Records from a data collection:
^^^^

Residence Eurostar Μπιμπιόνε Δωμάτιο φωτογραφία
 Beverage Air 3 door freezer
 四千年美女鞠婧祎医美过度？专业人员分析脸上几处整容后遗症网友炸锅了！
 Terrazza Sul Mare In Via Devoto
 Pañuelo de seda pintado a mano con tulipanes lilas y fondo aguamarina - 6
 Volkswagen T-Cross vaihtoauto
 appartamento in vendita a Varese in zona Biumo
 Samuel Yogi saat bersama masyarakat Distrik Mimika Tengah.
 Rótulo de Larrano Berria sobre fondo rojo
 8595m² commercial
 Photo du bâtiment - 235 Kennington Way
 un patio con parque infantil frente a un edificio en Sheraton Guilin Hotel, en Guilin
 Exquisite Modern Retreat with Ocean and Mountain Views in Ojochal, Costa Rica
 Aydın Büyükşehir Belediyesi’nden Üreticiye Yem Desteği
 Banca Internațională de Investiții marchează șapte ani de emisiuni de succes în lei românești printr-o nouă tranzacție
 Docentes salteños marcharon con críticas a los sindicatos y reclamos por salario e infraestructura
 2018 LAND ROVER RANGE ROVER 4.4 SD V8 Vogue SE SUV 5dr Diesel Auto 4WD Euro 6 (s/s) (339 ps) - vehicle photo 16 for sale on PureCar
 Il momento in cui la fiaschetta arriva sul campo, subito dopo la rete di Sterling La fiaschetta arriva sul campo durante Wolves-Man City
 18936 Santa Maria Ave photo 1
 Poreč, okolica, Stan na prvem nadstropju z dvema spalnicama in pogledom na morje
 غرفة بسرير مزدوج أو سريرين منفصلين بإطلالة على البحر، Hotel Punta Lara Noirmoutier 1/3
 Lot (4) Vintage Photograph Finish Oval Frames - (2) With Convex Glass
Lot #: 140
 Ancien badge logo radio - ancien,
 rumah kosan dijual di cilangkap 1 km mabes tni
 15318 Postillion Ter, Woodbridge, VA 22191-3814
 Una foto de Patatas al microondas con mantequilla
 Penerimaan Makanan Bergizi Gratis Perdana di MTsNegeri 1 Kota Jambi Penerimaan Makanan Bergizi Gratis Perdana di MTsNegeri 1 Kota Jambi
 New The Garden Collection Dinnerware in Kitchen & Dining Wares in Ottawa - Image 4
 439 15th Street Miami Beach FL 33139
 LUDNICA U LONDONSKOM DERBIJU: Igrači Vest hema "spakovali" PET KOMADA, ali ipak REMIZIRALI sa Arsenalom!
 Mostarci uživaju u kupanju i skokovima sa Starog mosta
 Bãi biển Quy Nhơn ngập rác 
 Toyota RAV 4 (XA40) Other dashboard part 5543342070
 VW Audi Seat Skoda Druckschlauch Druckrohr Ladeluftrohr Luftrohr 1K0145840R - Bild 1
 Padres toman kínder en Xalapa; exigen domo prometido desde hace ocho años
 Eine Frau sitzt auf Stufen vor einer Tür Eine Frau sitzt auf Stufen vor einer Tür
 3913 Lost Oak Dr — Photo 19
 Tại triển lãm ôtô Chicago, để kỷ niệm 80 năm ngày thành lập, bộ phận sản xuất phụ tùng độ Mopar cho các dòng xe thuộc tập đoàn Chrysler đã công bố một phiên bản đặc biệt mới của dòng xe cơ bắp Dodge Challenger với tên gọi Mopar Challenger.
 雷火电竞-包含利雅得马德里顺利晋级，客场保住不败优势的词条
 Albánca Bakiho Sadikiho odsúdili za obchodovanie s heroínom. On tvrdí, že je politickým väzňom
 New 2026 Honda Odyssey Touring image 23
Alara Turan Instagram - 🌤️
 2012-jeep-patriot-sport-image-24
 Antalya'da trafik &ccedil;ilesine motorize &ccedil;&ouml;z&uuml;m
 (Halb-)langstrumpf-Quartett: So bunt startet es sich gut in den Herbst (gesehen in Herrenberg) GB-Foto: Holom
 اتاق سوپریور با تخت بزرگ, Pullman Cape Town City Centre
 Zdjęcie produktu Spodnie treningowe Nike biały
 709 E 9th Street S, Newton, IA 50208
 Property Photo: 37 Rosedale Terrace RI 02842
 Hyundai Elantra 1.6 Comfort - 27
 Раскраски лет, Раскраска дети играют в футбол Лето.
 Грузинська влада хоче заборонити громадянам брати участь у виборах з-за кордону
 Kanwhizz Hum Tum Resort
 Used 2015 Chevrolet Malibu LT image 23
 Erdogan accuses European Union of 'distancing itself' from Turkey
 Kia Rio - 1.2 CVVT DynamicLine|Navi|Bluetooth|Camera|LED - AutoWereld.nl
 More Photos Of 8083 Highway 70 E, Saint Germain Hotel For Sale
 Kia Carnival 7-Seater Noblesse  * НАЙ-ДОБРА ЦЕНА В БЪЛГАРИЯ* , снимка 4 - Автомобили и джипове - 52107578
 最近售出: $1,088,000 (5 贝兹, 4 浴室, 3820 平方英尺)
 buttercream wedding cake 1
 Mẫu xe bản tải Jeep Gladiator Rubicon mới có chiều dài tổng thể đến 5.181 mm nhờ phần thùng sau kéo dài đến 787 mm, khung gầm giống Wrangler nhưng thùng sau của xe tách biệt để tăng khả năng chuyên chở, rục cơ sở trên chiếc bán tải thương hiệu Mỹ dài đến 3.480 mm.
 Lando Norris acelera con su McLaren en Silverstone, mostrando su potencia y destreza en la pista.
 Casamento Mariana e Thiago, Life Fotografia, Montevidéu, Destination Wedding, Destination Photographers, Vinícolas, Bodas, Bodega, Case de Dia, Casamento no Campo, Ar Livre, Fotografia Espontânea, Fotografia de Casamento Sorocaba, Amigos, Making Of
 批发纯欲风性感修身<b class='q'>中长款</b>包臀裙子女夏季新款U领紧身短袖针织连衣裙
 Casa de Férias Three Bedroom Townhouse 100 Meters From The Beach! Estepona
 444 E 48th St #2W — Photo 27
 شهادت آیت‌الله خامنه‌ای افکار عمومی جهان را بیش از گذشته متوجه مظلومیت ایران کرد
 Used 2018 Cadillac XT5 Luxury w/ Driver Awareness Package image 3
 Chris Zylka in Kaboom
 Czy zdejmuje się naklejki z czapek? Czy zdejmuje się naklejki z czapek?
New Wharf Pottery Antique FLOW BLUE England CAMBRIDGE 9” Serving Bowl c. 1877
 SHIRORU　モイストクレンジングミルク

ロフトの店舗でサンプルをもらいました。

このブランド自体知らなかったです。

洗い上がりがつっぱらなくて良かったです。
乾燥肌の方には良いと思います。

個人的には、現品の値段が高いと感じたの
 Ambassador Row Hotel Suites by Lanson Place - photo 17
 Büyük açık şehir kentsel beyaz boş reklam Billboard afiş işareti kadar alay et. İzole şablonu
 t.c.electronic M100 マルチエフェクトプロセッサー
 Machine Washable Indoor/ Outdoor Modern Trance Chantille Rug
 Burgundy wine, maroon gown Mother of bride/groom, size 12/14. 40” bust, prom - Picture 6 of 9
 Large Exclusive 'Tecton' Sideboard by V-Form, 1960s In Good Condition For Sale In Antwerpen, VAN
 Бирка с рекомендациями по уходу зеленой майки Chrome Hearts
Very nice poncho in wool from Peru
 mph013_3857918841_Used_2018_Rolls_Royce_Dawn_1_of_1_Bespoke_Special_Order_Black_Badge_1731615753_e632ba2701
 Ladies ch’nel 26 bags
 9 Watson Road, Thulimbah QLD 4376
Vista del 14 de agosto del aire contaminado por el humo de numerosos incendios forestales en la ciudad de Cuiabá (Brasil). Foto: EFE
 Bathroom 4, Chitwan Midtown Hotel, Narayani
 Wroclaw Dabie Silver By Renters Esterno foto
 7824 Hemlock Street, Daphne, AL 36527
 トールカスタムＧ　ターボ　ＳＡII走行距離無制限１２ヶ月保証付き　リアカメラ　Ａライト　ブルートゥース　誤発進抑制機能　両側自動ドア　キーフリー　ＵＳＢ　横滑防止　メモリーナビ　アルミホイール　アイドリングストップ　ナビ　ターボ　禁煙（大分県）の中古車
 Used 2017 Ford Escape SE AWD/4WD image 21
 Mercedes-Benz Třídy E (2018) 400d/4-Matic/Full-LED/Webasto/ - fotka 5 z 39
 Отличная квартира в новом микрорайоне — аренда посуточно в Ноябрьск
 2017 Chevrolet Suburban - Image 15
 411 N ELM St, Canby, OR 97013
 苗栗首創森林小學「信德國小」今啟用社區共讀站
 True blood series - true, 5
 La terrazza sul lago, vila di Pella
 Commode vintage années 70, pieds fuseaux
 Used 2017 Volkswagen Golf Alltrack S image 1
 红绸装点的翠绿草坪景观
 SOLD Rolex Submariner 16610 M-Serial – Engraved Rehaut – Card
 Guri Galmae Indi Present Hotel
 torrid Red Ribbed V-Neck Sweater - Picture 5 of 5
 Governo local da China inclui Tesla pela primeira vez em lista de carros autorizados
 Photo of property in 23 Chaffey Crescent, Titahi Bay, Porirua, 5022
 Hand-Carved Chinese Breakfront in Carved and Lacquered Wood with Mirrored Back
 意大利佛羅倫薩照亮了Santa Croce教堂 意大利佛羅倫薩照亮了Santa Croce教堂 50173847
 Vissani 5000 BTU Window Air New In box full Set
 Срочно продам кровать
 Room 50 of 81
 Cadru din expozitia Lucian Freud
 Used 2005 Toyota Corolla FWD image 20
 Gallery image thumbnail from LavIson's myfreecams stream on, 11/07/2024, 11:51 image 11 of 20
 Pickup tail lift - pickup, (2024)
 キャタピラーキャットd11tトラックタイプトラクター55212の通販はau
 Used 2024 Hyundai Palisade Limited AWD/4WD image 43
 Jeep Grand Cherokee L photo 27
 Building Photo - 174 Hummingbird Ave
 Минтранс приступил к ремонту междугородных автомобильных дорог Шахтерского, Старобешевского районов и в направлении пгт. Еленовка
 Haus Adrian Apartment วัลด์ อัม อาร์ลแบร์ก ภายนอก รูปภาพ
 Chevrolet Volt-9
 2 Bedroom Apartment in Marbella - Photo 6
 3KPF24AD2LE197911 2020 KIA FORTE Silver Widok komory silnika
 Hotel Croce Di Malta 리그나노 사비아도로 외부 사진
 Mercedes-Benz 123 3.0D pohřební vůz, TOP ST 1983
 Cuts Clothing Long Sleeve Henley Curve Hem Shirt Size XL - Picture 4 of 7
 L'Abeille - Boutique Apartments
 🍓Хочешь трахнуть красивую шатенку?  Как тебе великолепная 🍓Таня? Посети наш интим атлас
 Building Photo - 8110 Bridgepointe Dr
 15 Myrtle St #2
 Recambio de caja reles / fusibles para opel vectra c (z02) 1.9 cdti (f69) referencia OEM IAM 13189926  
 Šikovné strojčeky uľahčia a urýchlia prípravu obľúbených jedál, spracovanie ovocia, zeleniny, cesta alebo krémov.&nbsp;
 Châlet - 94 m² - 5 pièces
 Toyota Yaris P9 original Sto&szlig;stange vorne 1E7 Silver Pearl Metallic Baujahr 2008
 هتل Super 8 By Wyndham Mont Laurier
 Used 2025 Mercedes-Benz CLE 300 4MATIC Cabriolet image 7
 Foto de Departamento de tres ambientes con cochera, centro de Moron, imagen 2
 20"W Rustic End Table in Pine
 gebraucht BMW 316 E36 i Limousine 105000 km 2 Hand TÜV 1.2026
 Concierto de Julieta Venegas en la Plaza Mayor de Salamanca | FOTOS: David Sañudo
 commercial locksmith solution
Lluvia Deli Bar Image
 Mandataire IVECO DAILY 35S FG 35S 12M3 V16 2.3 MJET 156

^^^^

_Assignment_.
From the records above, retype only the lines starting at the line that contains "Kanwhizz Hum Tum Resort" and ending at the line that contains "Lando Norris acelera", both included.

_Result of this exercise_.
 Kanwhizz Hum Tum Resort
 Used 2015 Chevrolet Malibu LT image 23
 Erdogan accuses European Union of 'distancing itself' from Turkey
 Kia Rio - 1.2 CVVT DynamicLine|Navi|Bluetooth|Camera|LED - AutoWereld.nl
 More Photos Of 8083 Highway 70 E, Saint Germain Hotel For Sale
 Kia Carnival 7-Seater Noblesse  * НАЙ-ДОБРА ЦЕНА В БЪЛГАРИЯ* , снимка 4 - Автомобили и джипове - 52107578
 最近售出: $1,088,000 (5 贝兹, 4 浴室, 3820 平方英尺)
 buttercream wedding cake 1
 Mẫu xe bản tải Jeep Gladiator Rubicon mới có chiều dài tổng thể đến 5.181 mm nhờ phần thùng sau kéo dài đến 787 mm, khung gầm giống Wrangler nhưng thùng sau của xe tách biệt để tăng khả năng chuyên chở, rục cơ sở trên chiếc bán tải thương hiệu Mỹ dài đến 3.480 mm.
 Lando Norris acelera con su McLaren en Silverstone, mostrando su potencia y destreza en la pista.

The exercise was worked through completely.